Thanks Andrew, I forgot about that.

It looks like the patch which added synchronization documentation requested
by Michal may not have be picked up.
https://lore.kernel.org/linux-mm/[email protected]/

If you still need to add that patch, I could redo and add the page[1]->private
documentation request mentioned here.
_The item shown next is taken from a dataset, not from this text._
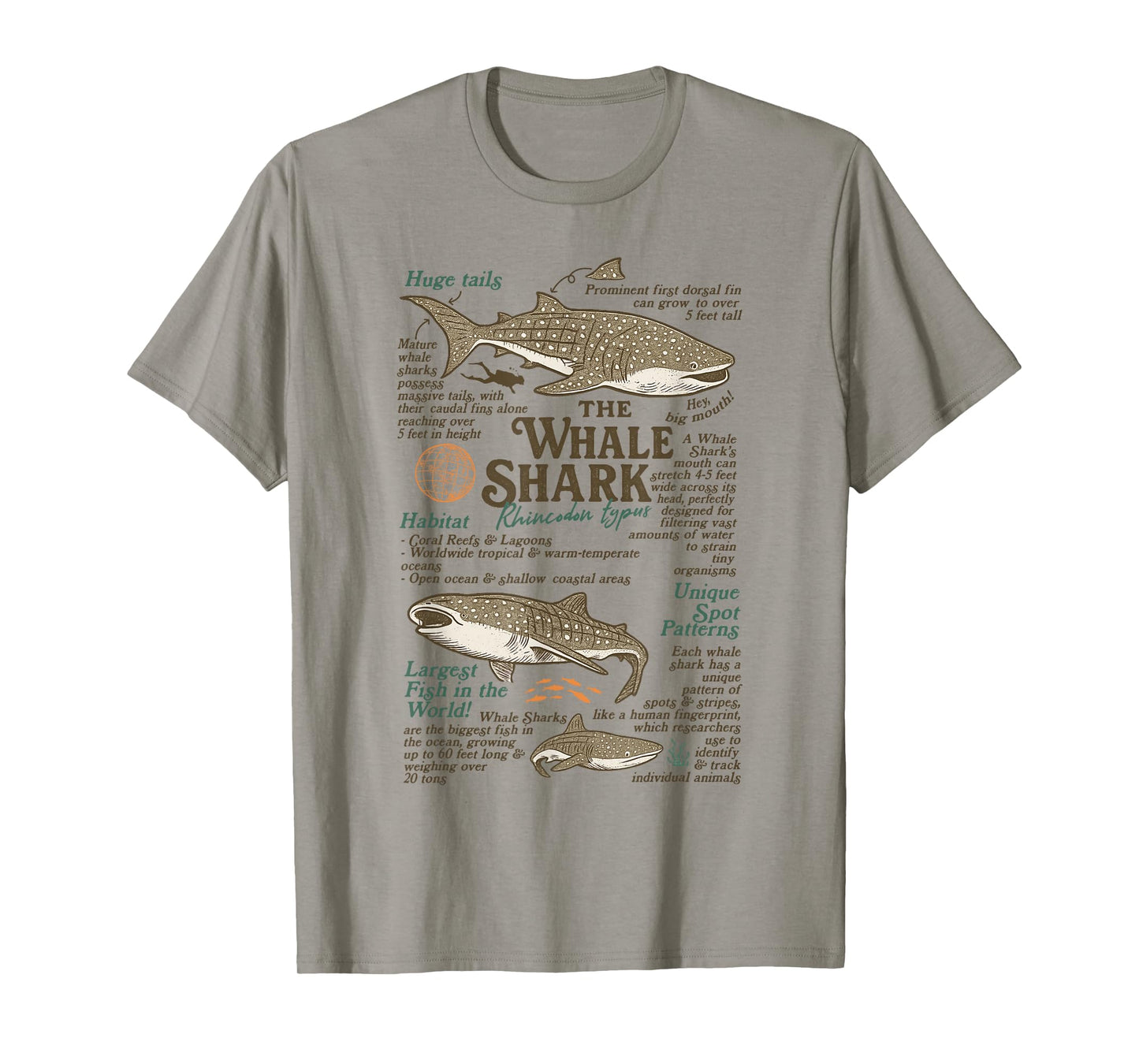 Whale Shark Anatomy Ocean Sea Animal Ocean Exploring Lover T-Shirt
Just let me know what is the easiest for
you.
--
Mike Kravetz

2021-02-24 02:12:57

by Andrew Morton

[permalink] [raw]

Subject: Re: [RFC] linux-next panic in hugepage_subpool_put_pages()

On Tue, 23 Feb 2021 17:29:48 -0800 Mike Kravetz <[email protected]> wrote:

> >> I will do a bit more verification and put together a patch (it should
> >> be simple).
> >
> > There's also Michel's documentation request:
> > https://lkml.kernel.org/r/[email protected]
> >
>
> Thanks Andrew, I forgot about that.
>
> It looks like the patch which added synchronization documentation requested
> by Michal may not have be picked up.
> https://lore.kernel.org/linux-mm/[email protected]/

OK, I grabbed that.

> If you still need to add that patch, I could redo and add the page[1]->private
> documentation request mentioned here. Just let me know what is the easiest for
> you.

Please send along an additional patch?

2021-02-24 05:39:33

by Andrew Morton

[permalink] [raw]

Subject: Re: [RFC] linux-next panic in hugepage_subpool_put_pages()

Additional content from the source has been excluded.